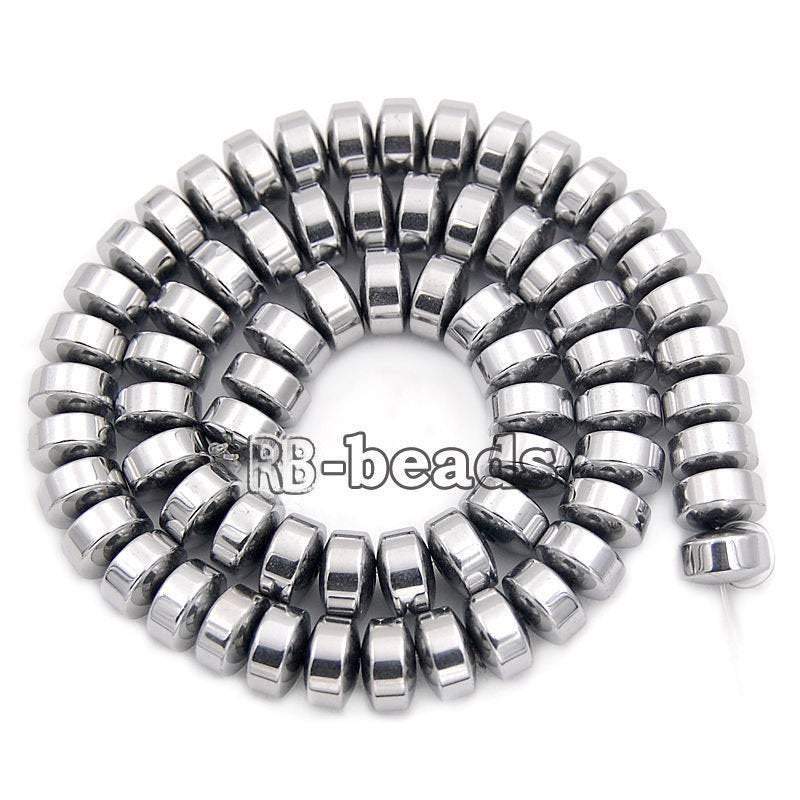 Natural Silver Hematite Rondelle Beads,  2-10mm  16'' strand 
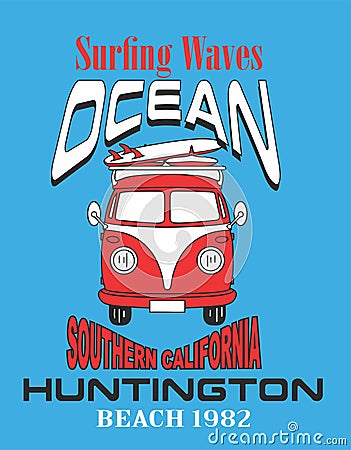 summer bus surfing waves print vector art Vector Illustration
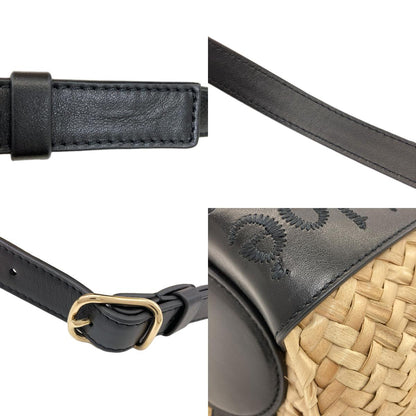CHLOE クロエ センス スモール バスケット 2WAY ハンドバッグ ラフィア レディース 中古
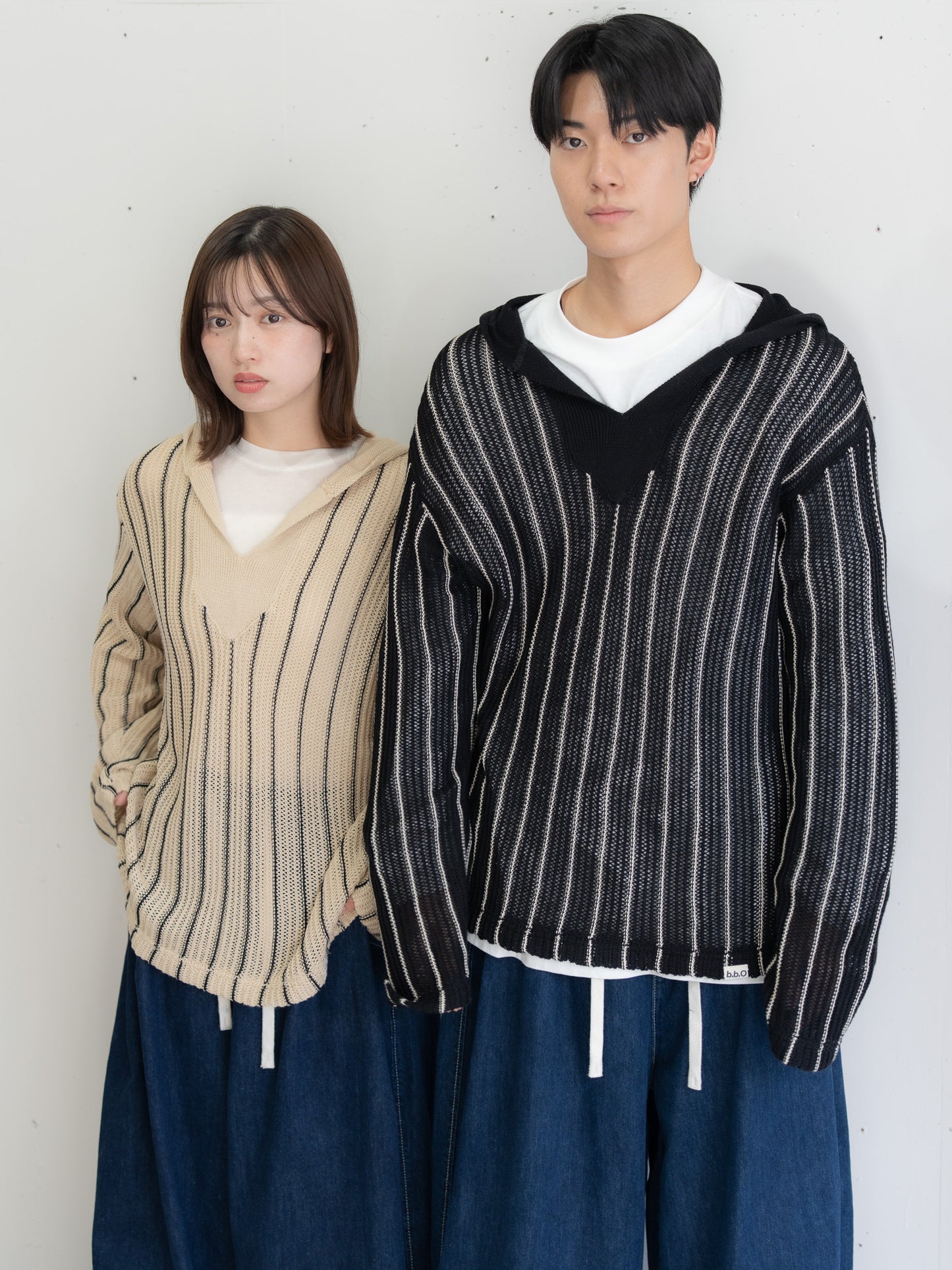 【bbO】ストライプニットパーカー・メキシカンパーカー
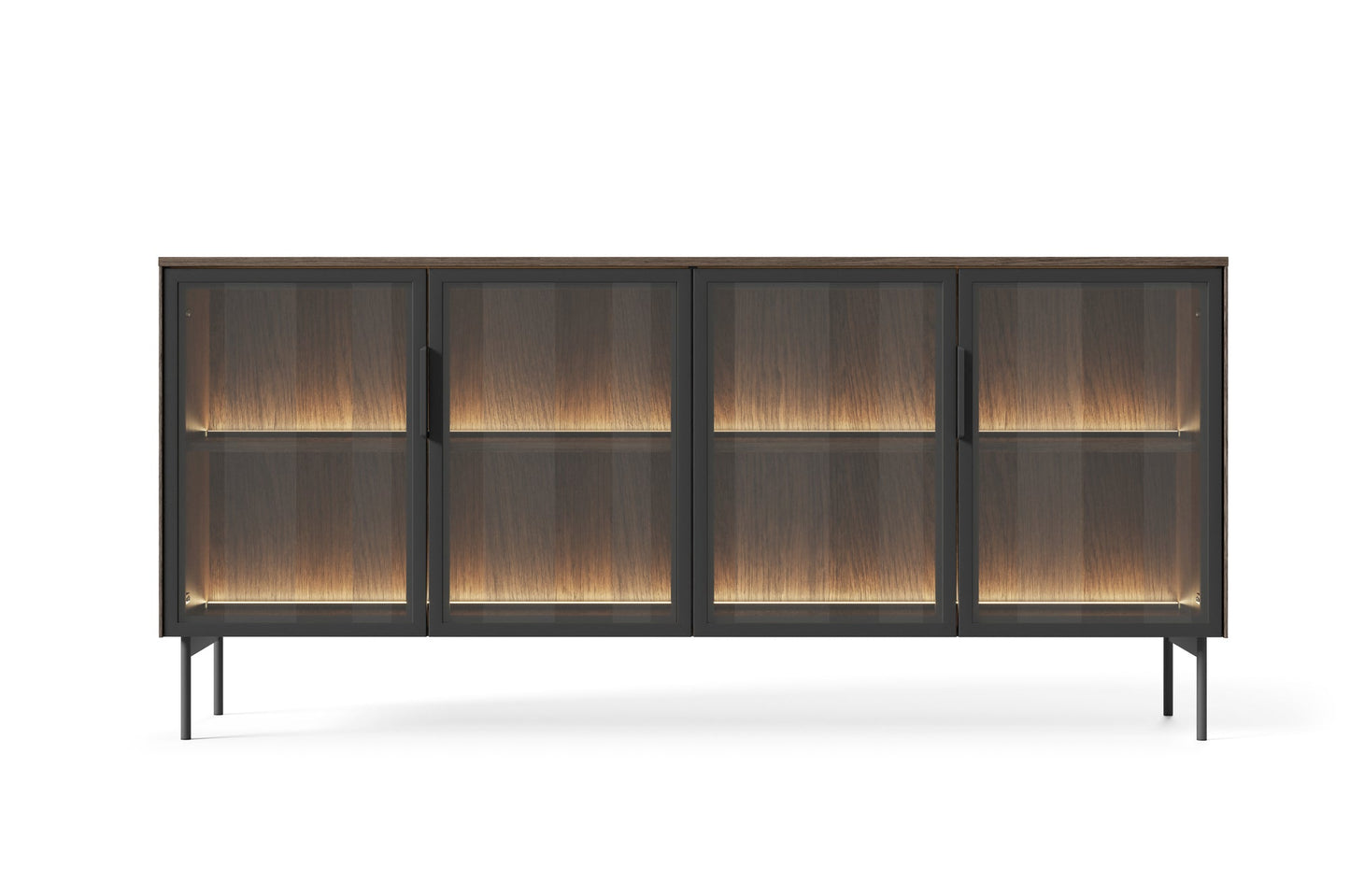 Lask LUMI 4D Sideboard with LED Lighting – 181.3 x 39.5 cm – Oak Dunin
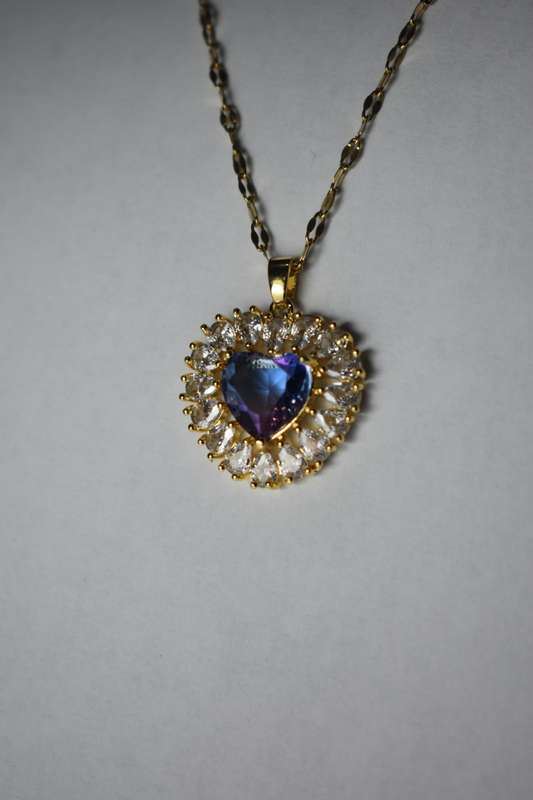 18K Gold Plated Purple Heart Necklace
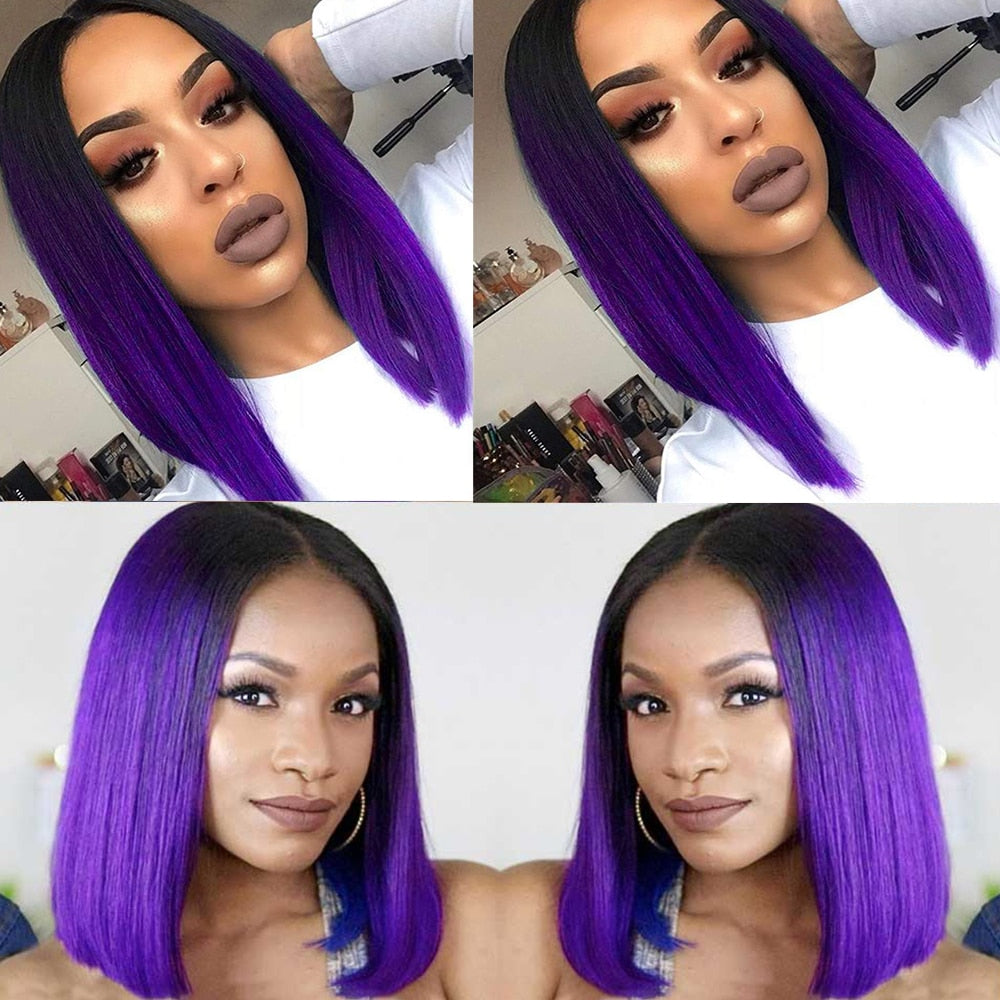 FAVE Ombre Black Purple/Blonde/Grey/Flax Brown/ Straight Synthetic Wig Shoulder Length Middle Part Cosplay For Women's Daily Wig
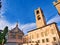 View of the Battistero and campanone tower from the square of Father Reginaldo Giuliani of Citta Alta de Bergamo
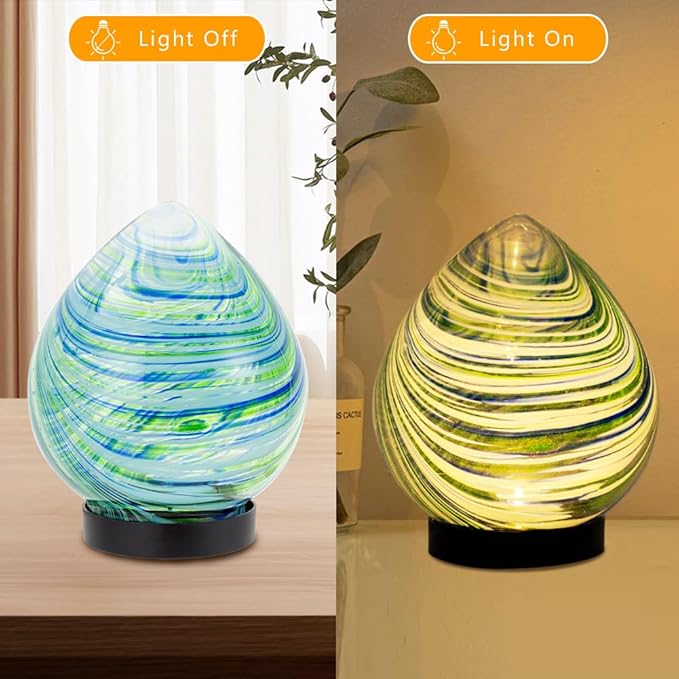 Table Solar Lanterns Outdoor Waterproof LED 6.7" Glass Desktop Decorative Lanterns Solar Globe Lights for Patio Balcony Pathway Porch Gardening Gifts for Women(Green)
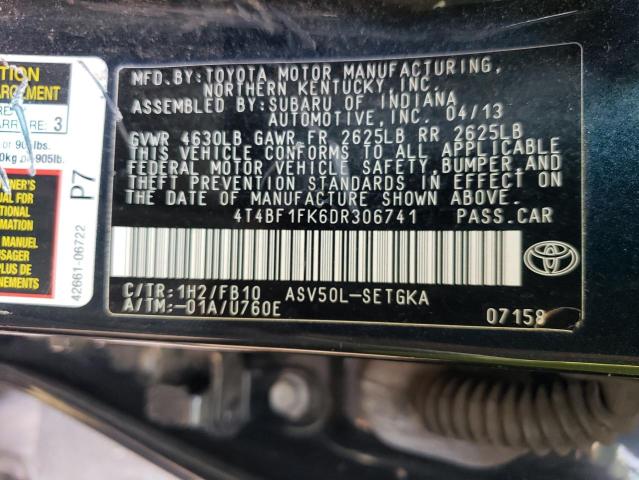 VIN 4T4BF1FK6DR306741 2013 TOYOTA CAMRY no.13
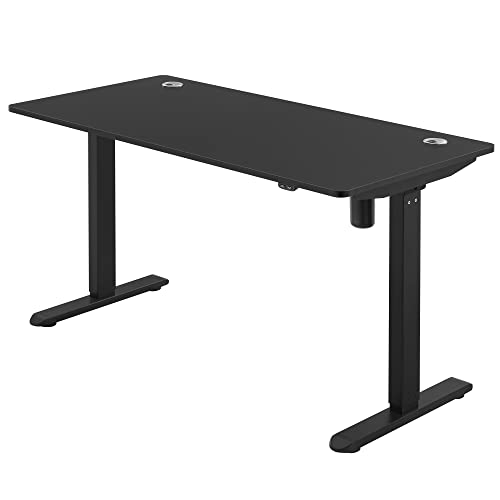 Height-adjustable electric desk, 70 x 140 x (73-114) cm, table frame, desk stand, with table top, infinitely adjustable, steel, black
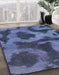 Machine Washable Abstract Blue Rug in a Family Room, wshabs1051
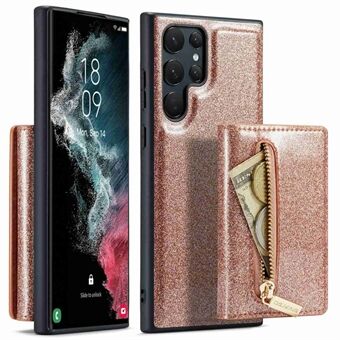 DG.MING M3 Series For Samsung Galaxy S23 Ultra 2-in-1 Glittery PU Leather Coated PC+TPU Back Case Magnetic Detachable Zipper Wallet Anti-drop Phone Cover with Kickstand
################
> Work instructions
Word for word, retype the lines in the entries above that run from the one with "Lask LUMI 4D" through the one with "Machine Washable Abstract". Both ends count; pictures do not.

> Your solution
 Lask LUMI 4D Sideboard with LED Lighting – 181.3 x 39.5 cm – Oak Dunin
 18K Gold Plated Purple Heart Necklace
 FAVE Ombre Black Purple/Blonde/Grey/Flax Brown/ Straight Synthetic Wig Shoulder Length Middle Part Cosplay For Women's Daily Wig
 View of the Battistero and campanone tower from the square of Father Reginaldo Giuliani of Citta Alta de Bergamo
 Table Solar Lanterns Outdoor Waterproof LED 6.7" Glass Desktop Decorative Lanterns Solar Globe Lights for Patio Balcony Pathway Porch Gardening Gifts for Women(Green)
 VIN 4T4BF1FK6DR306741 2013 TOYOTA CAMRY no.13
 Height-adjustable electric desk, 70 x 140 x (73-114) cm, table frame, desk stand, with table top, infinitely adjustable, steel, black
 Machine Washable Abstract Blue Rug in a Family Room, wshabs1051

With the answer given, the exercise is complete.